在半監督物件偵測中,常使用偽標籤法來進行學習,其核心概念是強、弱增強的圖像要有一致的預測,而對比式學習也有類似的假設,只是對於圖像的增強並沒有強、弱的要求。所以我們基於使用偽標籤法的半監督物件偵測模型,加上對比式學習的架構幫助模型學習。該方法通過計算無標注圖像的兩種視覺增強生成特徵的相似度,來改善半監督物件偵測的效果。實驗結果顯示,我們的方法在使用MS-COCO的1%、5%、10%有標注資料時,mAP結果分別提升了2.92%、1.88%、0.99%。
這證明了對比式學習在半監督物件偵測中可以在特徵層面學習到額外的資訊,並且基於原本的半監督物件流程,加上對比式學習的流程並不需要增加太多額外的計算。我們期望這項研究能為半監督學習及物件偵測的未來研究提供新的思路和方向。
In this paper, we investigate how to use contrastive learning to enhance semi-supervised object detection. In semi-supervised object detection, the process of utilizing unlabeled data is similar to the concept of self-supervised learning. Hence, we refer to the commonly used contrastive learning framework in self-supervised learning and propose a representation-level contrastive learning method.

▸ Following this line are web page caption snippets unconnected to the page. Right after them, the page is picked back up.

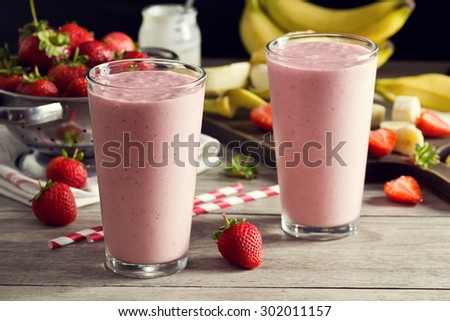 Two Strawberry Banana Yogurt Smoothies in Glasses with Ingredients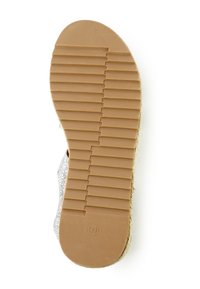 Rubberen zool van een sandaal met een getextureerd oppervlak met horizontale groeven. Kleur is tan, met een zichtbare maat aanduiding "39."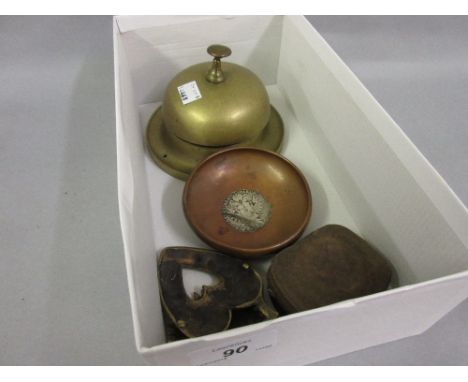 Brass counter bell, copper dish inset with an antique Austrian coin, two horse brasses and a light meter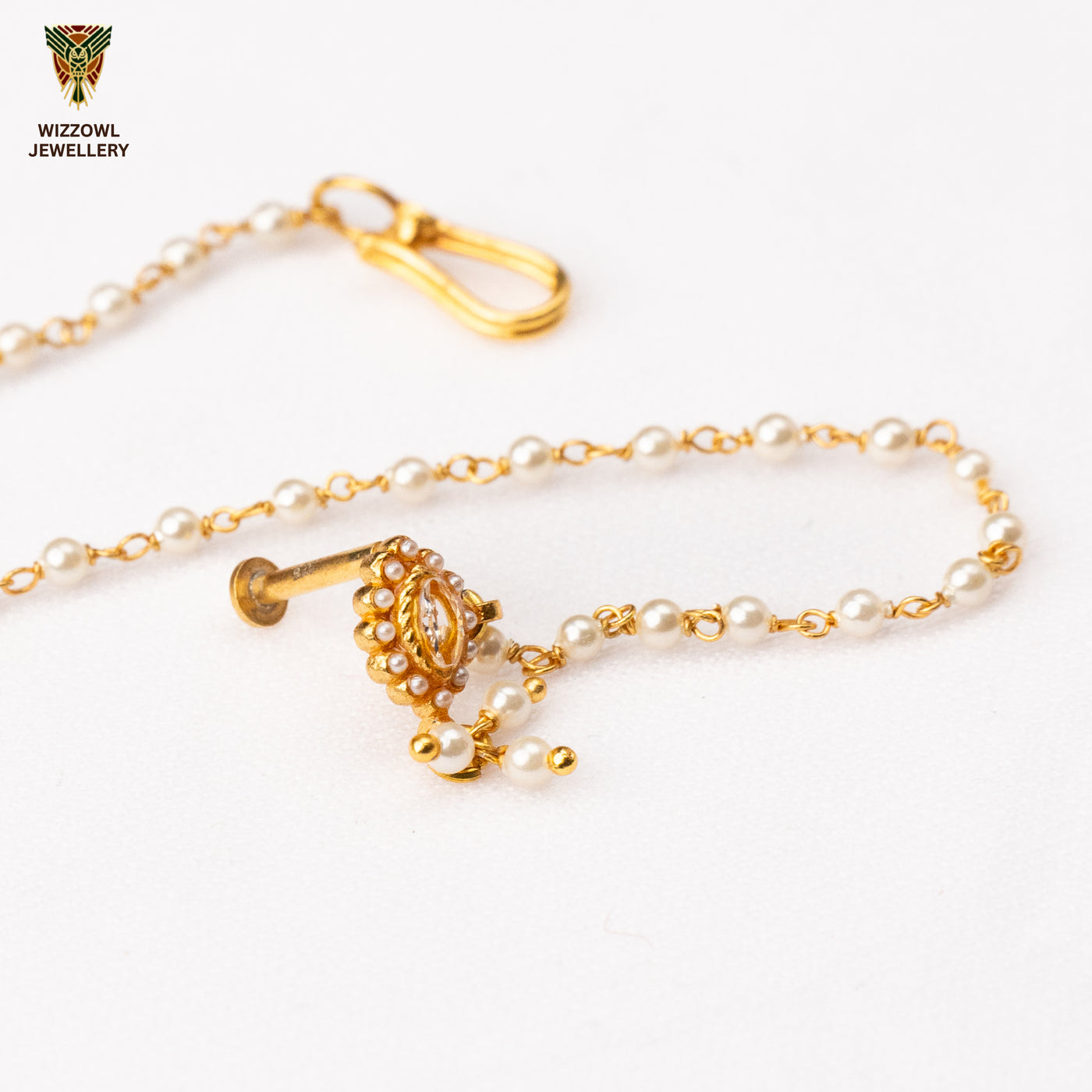 Silver nosepins featuring traditional motifs with a modern design twist, displayed on a neutral background.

In semi-supervised object detection, pseudo-labeling is commonly used for self-learning. The core concept is that strongly and weakly augmented images should have consistent predictions. Contrastive learning has a similar assumption, except that there is no strong or weak requirement for image augmentation. Therefore, based on the semi-supervised object detection model with pseudo-labeling, we apply a contrastive learning framework to aid model learning with more feature-level information. This method improves the performance of semi-supervised object detection by computing the similarity of features generated by two different augmentations of unlabeled images. The experimental results show that our method improves the mAPs results by 2.92%, 1.88%, and 0.99% when using 1%, 5%, and 10% of the labeled data from MS-COCO, respectively.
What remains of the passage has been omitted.